WHAT THE EXERCISE ASKS: Write out nothing but the lines from the first line of the entries below through the line with "Handmade Irregar G"; no pictures go in.

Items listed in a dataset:
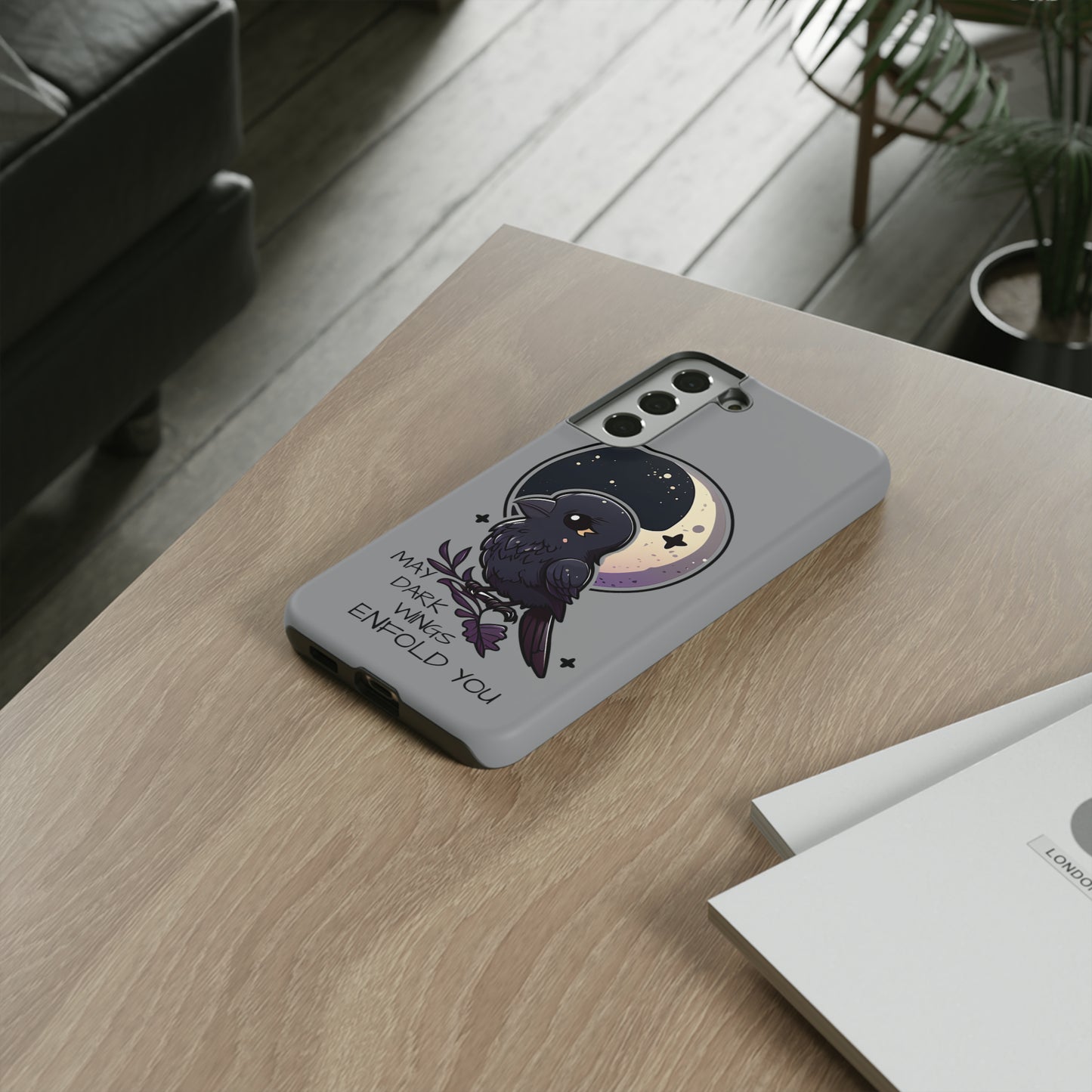 Raven Blessing Tough Phone Case Empath Protection Crowcore Witchcore Odin Edgar Allan Poe Cute Chibi Kawaii Goth Witchy Accessories Yamikawaii Cell Cover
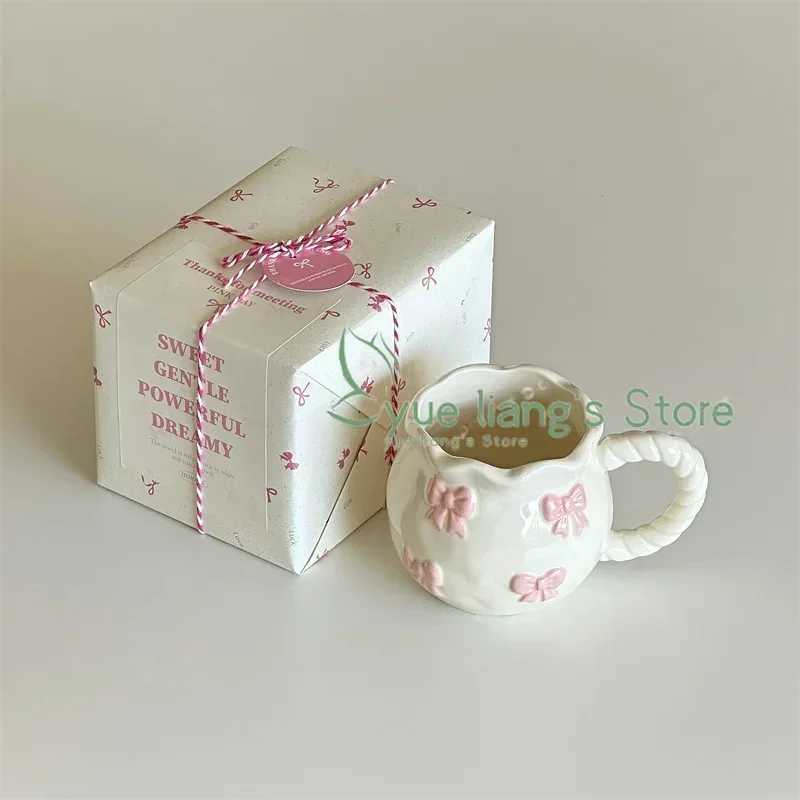 Handmade Irregar G 3D Bow Coffee Cup Art G Gift Ceramic Water Cup Y241211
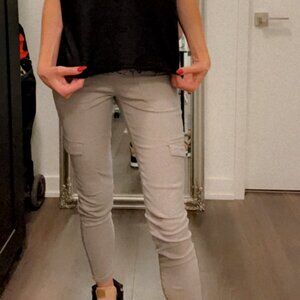 Grey Skinny Cargo Pants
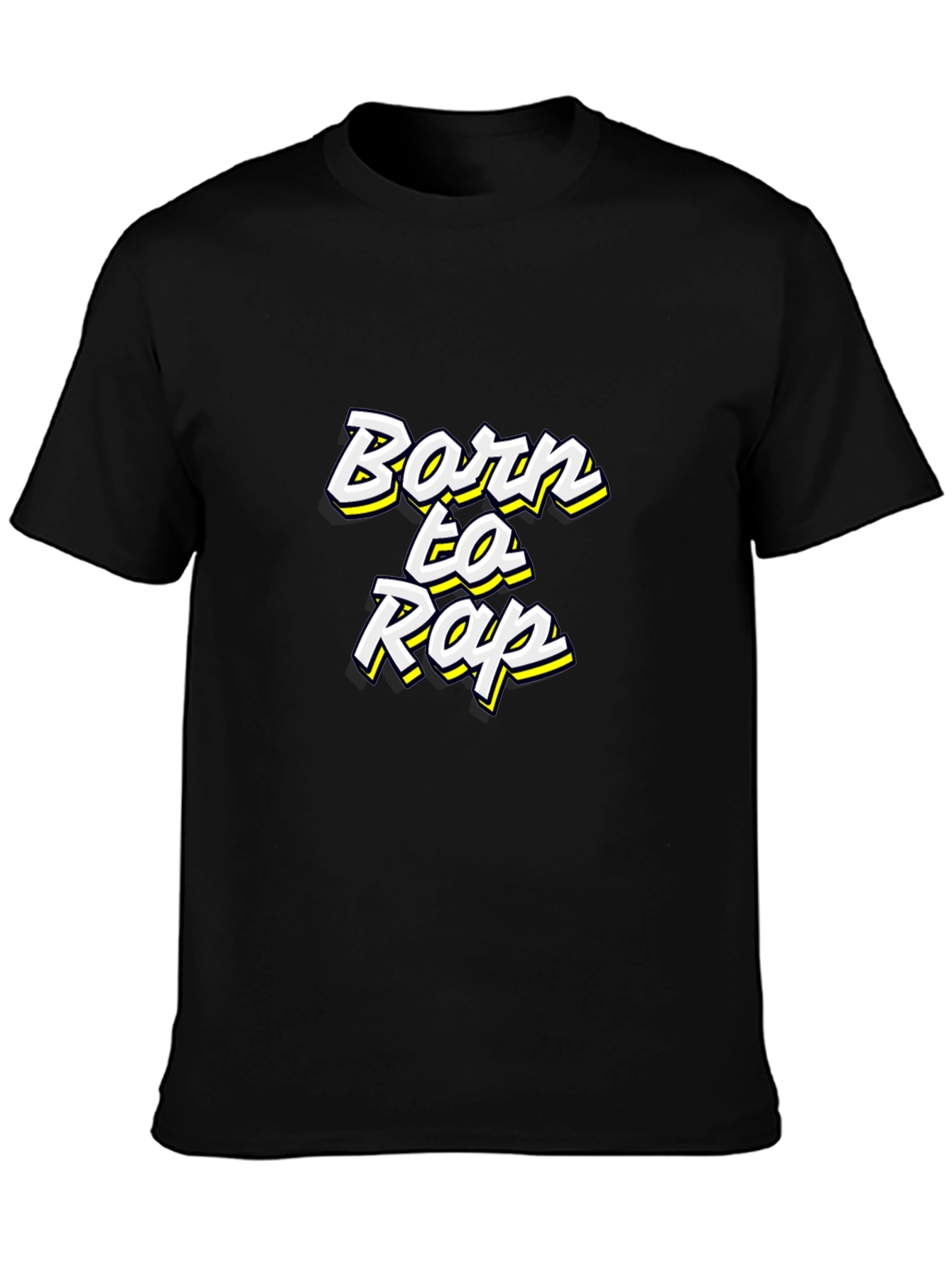 Black Born to Rap Black T-Shirt view 3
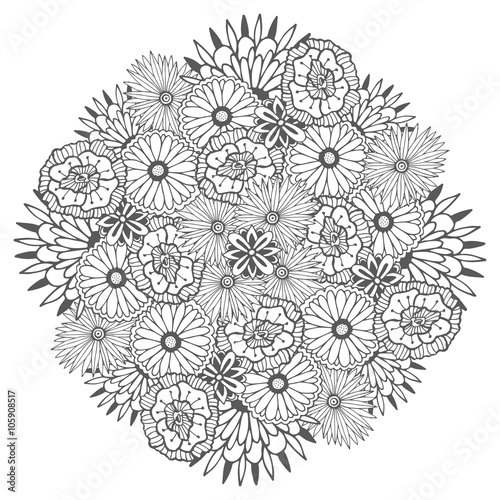 Unique vector mandala with flowers. Ornamental round floral zentangle for coloring book pages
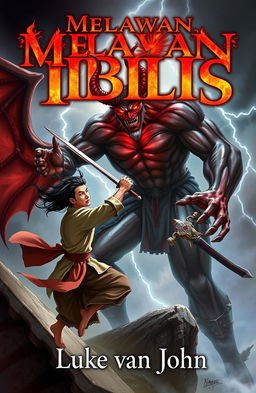 A dramatic A5 book cover featuring an Asian man fighting a towering, menacing Satan, full of dynamic motion, showcasing the intense struggle between good and evil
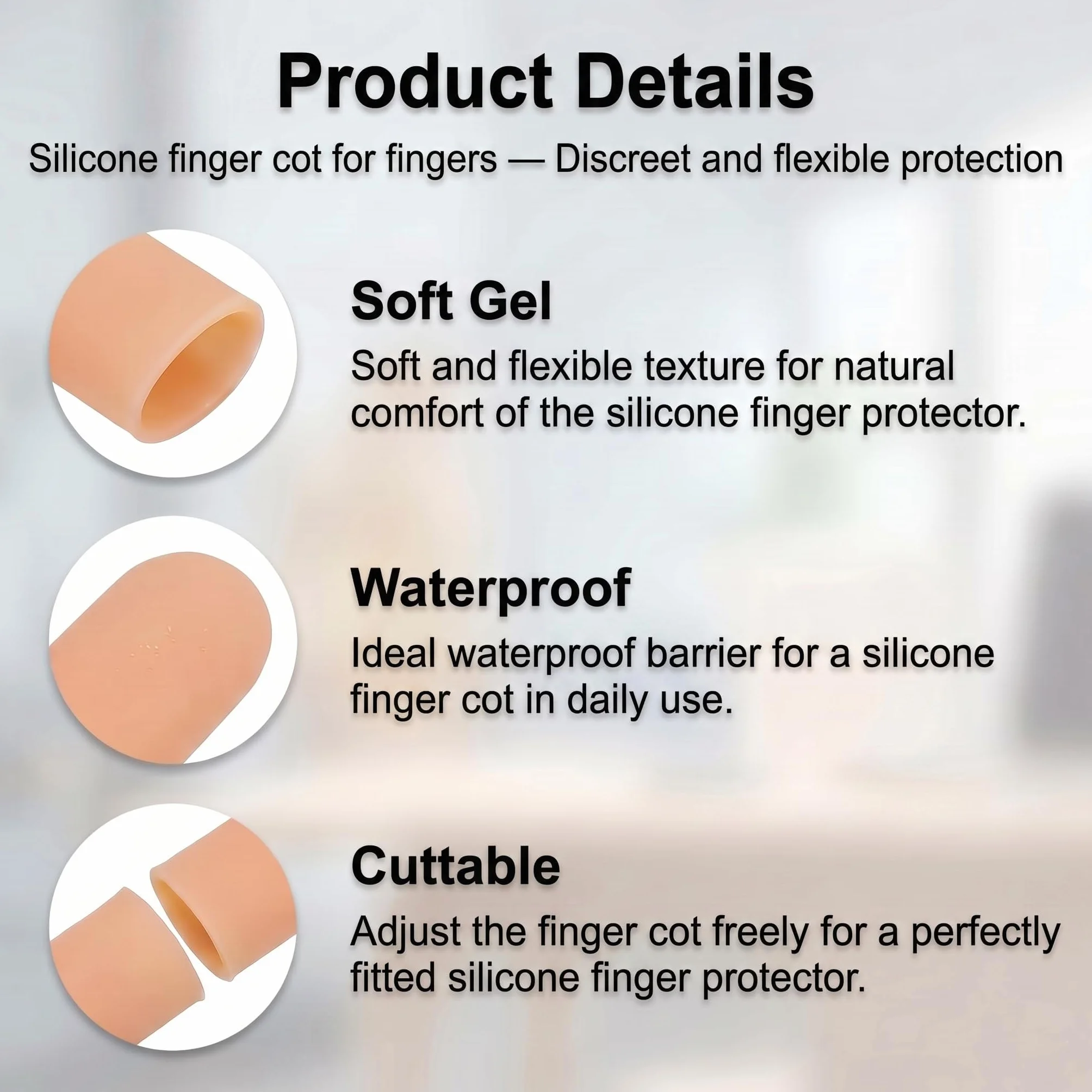 Lot de 12 Protège-Doigts en Silicone Souple, Doigtiers en Gel Réutilisables pour Pouce et Doigts, Protection Imperméable
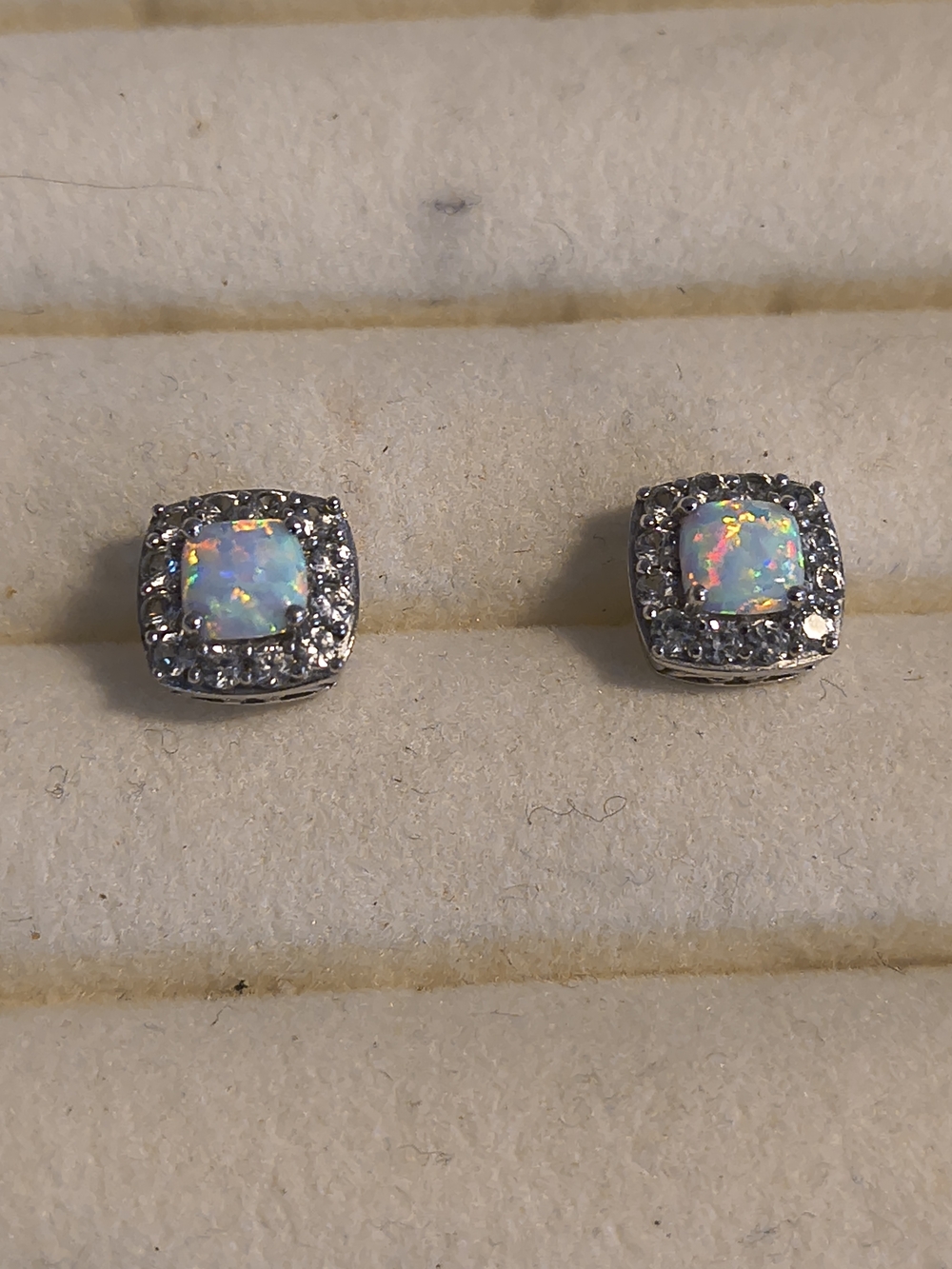 Gorgeous Opal & White Sapphire Halo Stud Earrings - White Opal Signed Top Post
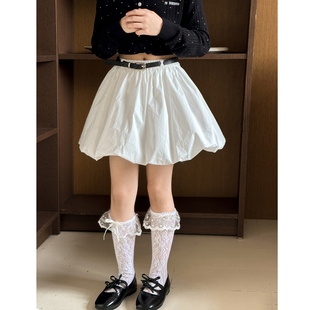 女童半身裙春秋2026新款女大童春装白色花苞裙初中生女孩公主裙子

YOUR RESPONSE:
 Raven Blessing Tough Phone Case Empath Protection Crowcore Witchcore Odin Edgar Allan Poe Cute Chibi Kawaii Goth Witchy Accessories Yamikawaii Cell Cover
 Handmade Irregar G 3D Bow Coffee Cup Art G Gift Ceramic Water Cup Y241211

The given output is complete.